Roll eleven dice such that the product is prime So the problem is:
What is the probability of rolling eleven dice such that their product is prime.
The dice is numbered from 1 to 6 and there is an equal chance of getting each number.
So in order for the product to be prime, all but one of the numbers must be 1. The number that is not 1 must be either 2, 3, or 5. 
So the total number of ways that 2, 3, or 5 can be formed through multiplication is 3*11 = 33. I then divided 33 by the total number of products that can be formed, or $6^{11}$. 
My original solution yields basically the same numerical value, but I'm doubtful of it's correctness. By the binomial probability theorem, the probability of rolling a 1 ten times and a number besides 1 is
$$_{11}C_{10} \left(\frac{1}{6}\right)^{10}\left(\frac{5}{6}\right)^{1} $$
Given that the remaining number is not 1, the probability of rolling 2, 3, or 5 is $\frac{3}{5}$. Hence we multiply them together to get the probability
$$_{11}C_{10} \left(\frac{1}{6}\right)^{10}\left(\frac{5}{6}\right)^{1}\left(\frac{3}{5}\right)$$
This problem was originally a test question, but many of my peers got a different answer of
$$ \left(\frac{(3*11)}{6^{11}}\right)\left(\frac{11!}{10!}\right)$$
If their answer is correct could someone please explain to me why mines is incorrect? I would also greatly appreciate it if you could explain how to get the correct answer.
 A: As the dice are fair, it is easier to confirm your answer by approaching the problem via counting principles.
How many sequences of length 11 with entries being natural numbers 1 through 6 are there?  This will be our sample space (all base6 sequences of length 11).  By multiplication principle, we have that there are $6^{11}$ such sequences.
How many of these sequences has the product of entries in the sequence as a prime number.  As you correctly noted, this only happens if all but one of the entries is a 1 and the not-one entry is prime (2,3 or 5).  Set up a multiplication principle argument as follows:


*

*Pick the location of the not-one number (11 choices)

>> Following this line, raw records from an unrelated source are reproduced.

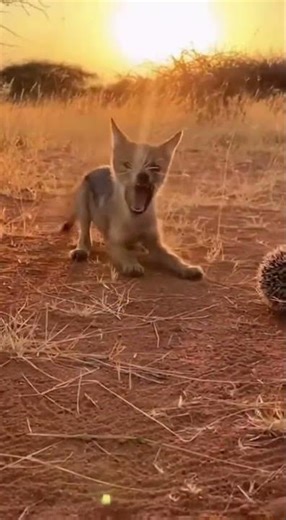Weasel Vs Porcupine: 'Predator'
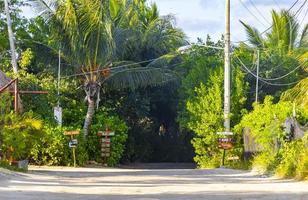 Holbox Quintana Roo Mexico 2021 Sandy muddy road walking path and nature landscape Holbox Mexico. photo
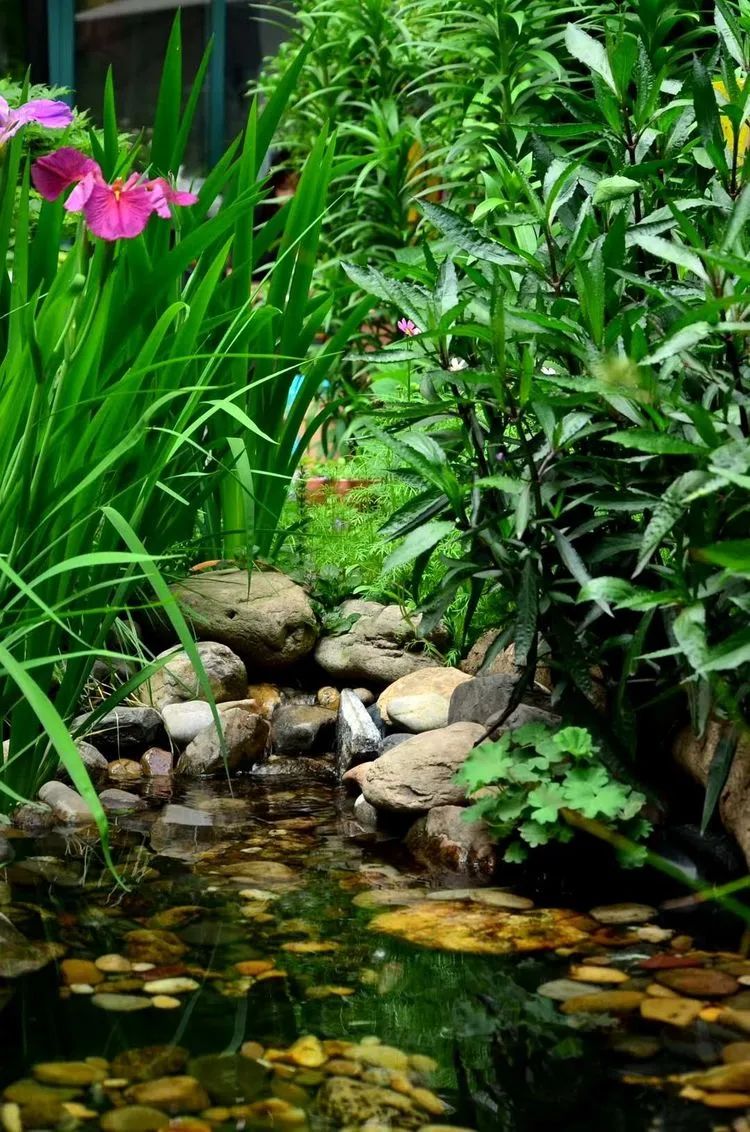 90后夫妻用4年时间，在魔都造了60平米花园，遛狗逗猫，好不惬意~-27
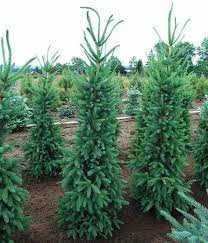 Dwarf Norway Spruce Cupressina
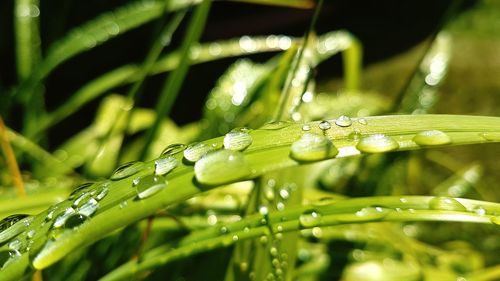 Close-up of insect on wet grass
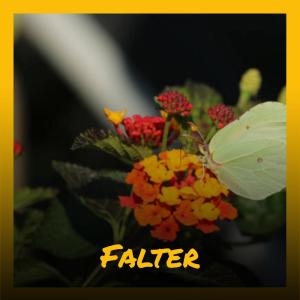 Listen to Transmitter song with lyrics from Rele Neno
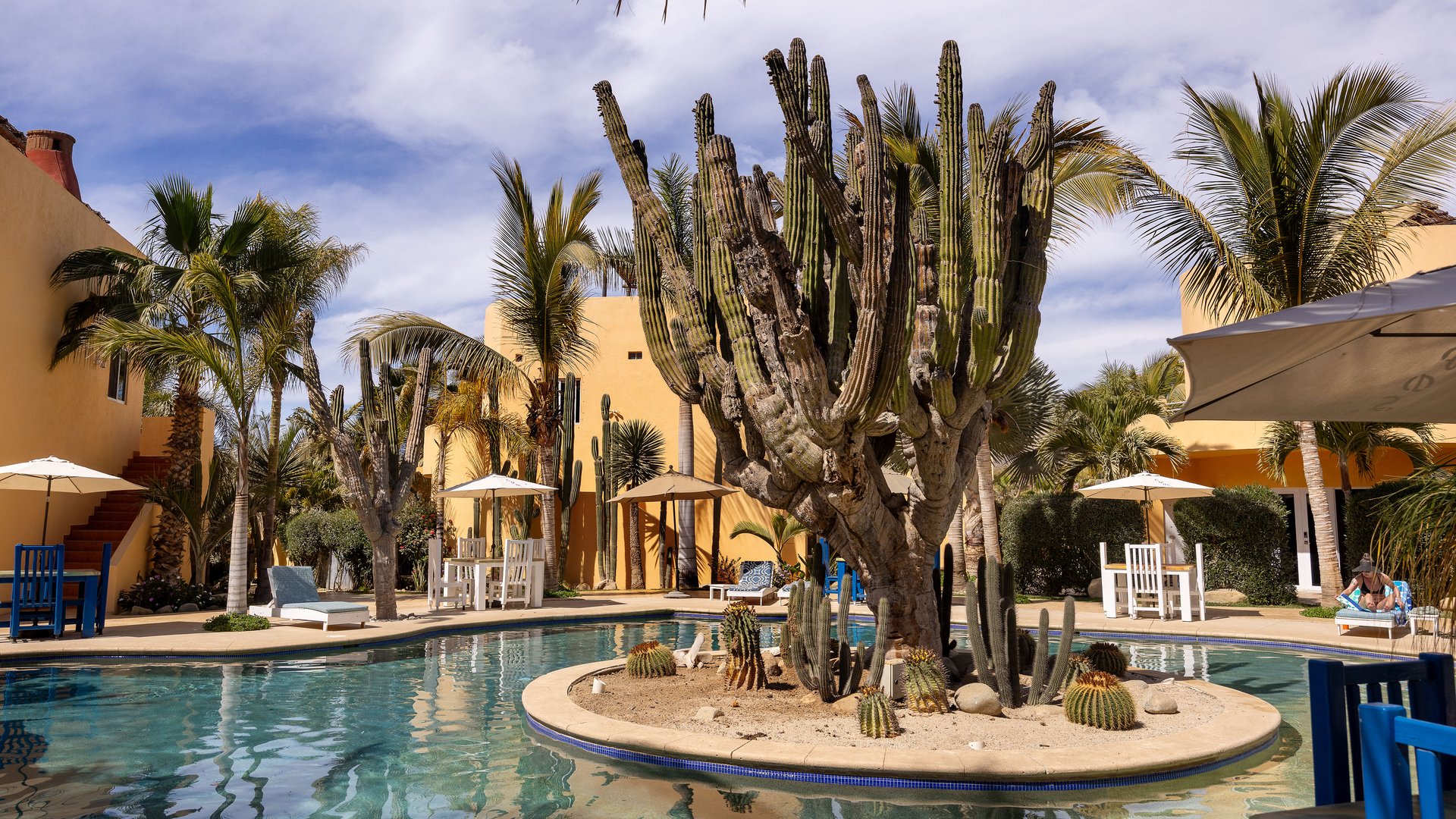 Puesta Del Sol Studio 1B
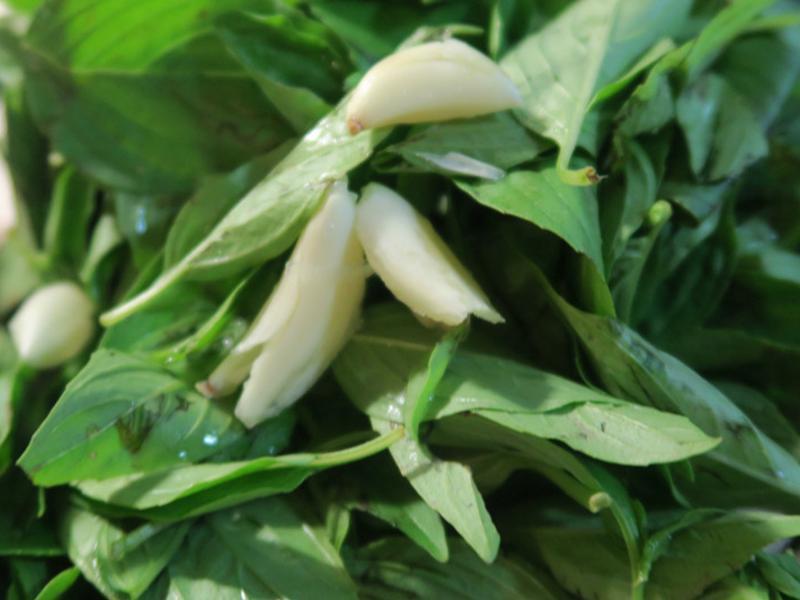 �ུ����ɳ�����������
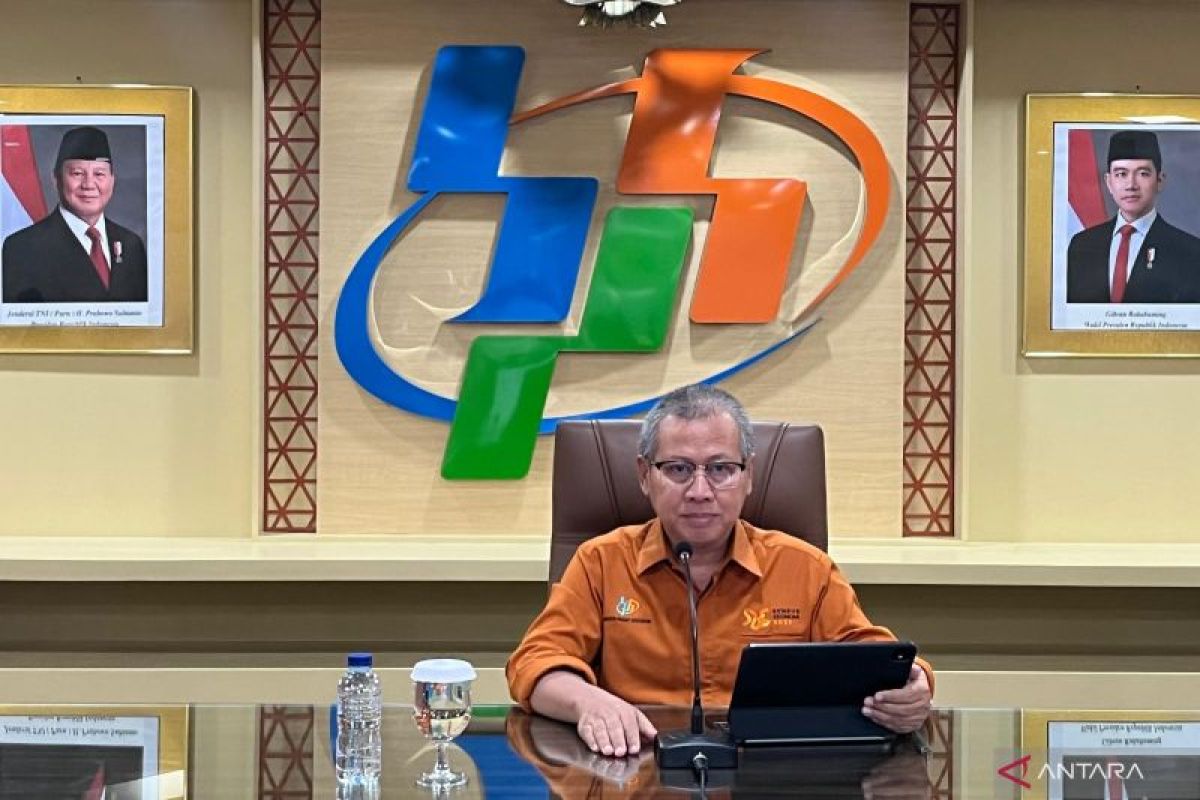 BPS ungkap potensi luas panen dan produksi padi RI Juni-Agustus naik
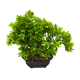 Flower Pot (658-29/5)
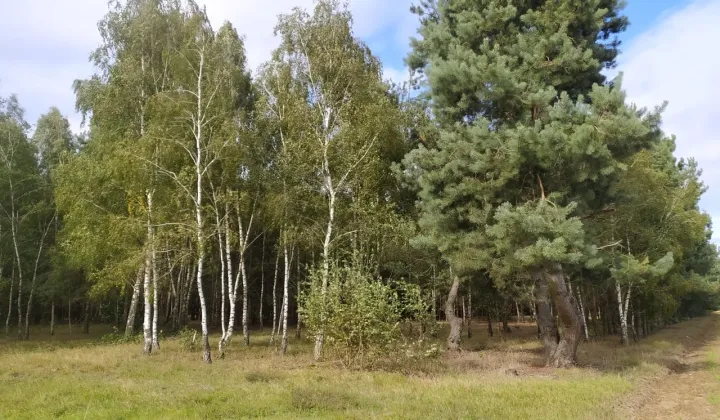 Działka leśna Dąbrowice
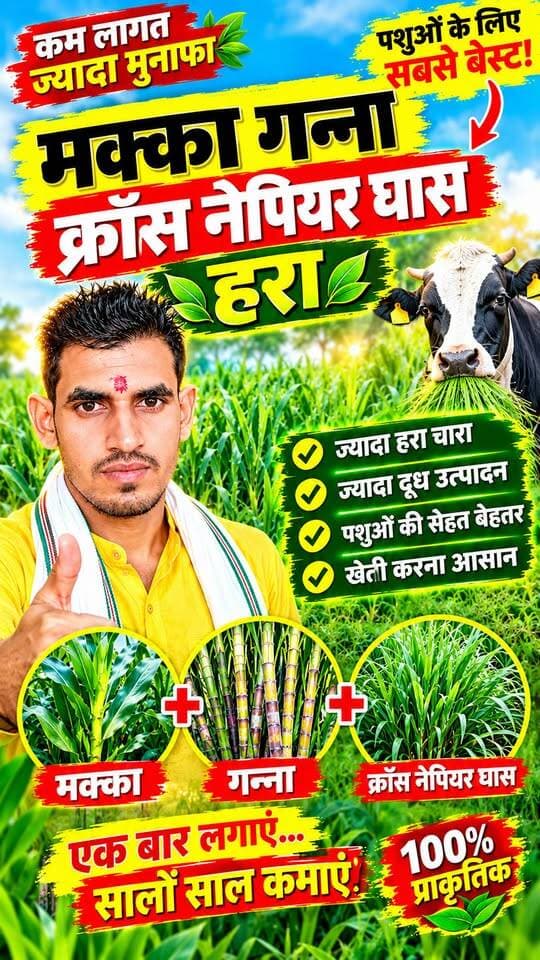 मक्का क्रॉस नेपियर अब किसानों की पहली पसंद ✅ | दूध बढ़ाने वाला हरा चारा #मक्काक्रॉसनेपियर #हराचारा #MakkaGreenFodder #CrossNapier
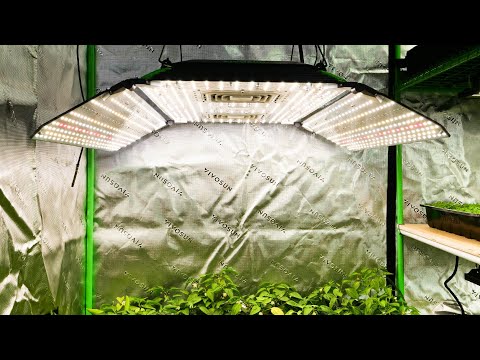 Видео: Обзор фитолампы с переменным спектром Vivosun AeroLight Wing AW400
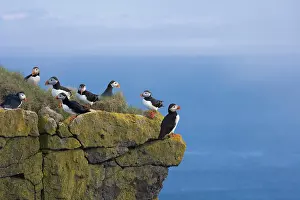Puffins: Atlantic Puffins (Fratercula arctica) on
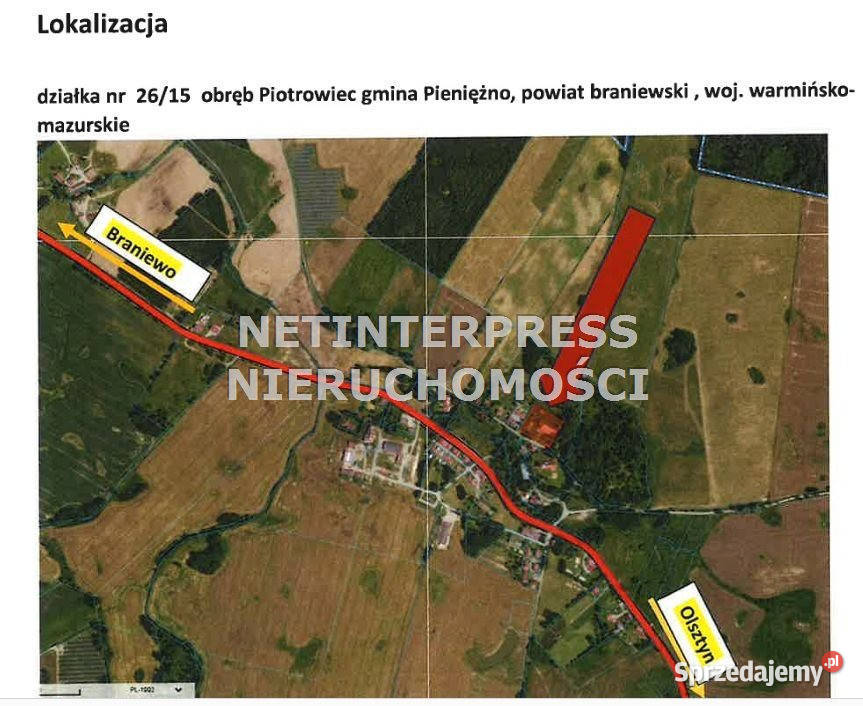 sprzedaży lokalu Piotrowiec 38693 metry sprzedam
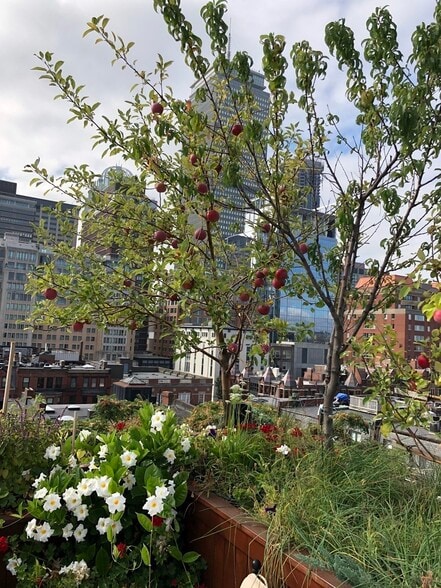 More Photos Of 230 Commonwealth, Boston Apartments For Sale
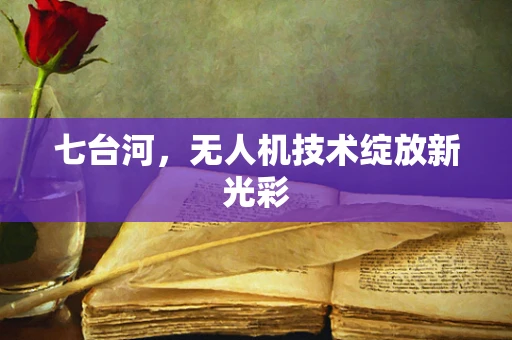 七台河，无人机技术绽放新光彩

*Pick the prime used for the not-one number (3 choices)


All other spaces then will be ones.  As such, there are 33 possible such sequences.
By definition of probability in an equiprobable sample space, the answer is then $\frac{3\cdot 11}{6^{11}}$

Your answer is equivalent: $~_{11}C_{10} \left(\frac{1}{6}\right)^{10}\left(\frac{5}{6}\right)^{1}\left(\frac{3}{5}\right)=11\cdot (\frac{1}{6^{10}})\cdot \frac{5}{6}\cdot \frac{3}{5} = \frac{11\cdot 3}{6^{11}}$
Their answer on the other hand, overcounts by a factor of 11.  I cannot explain where their answer comes from, but perhaps they got confused and multiplied by 11 for the location of the not-one twice (once in the fraction on the left and once in the fraction on the right).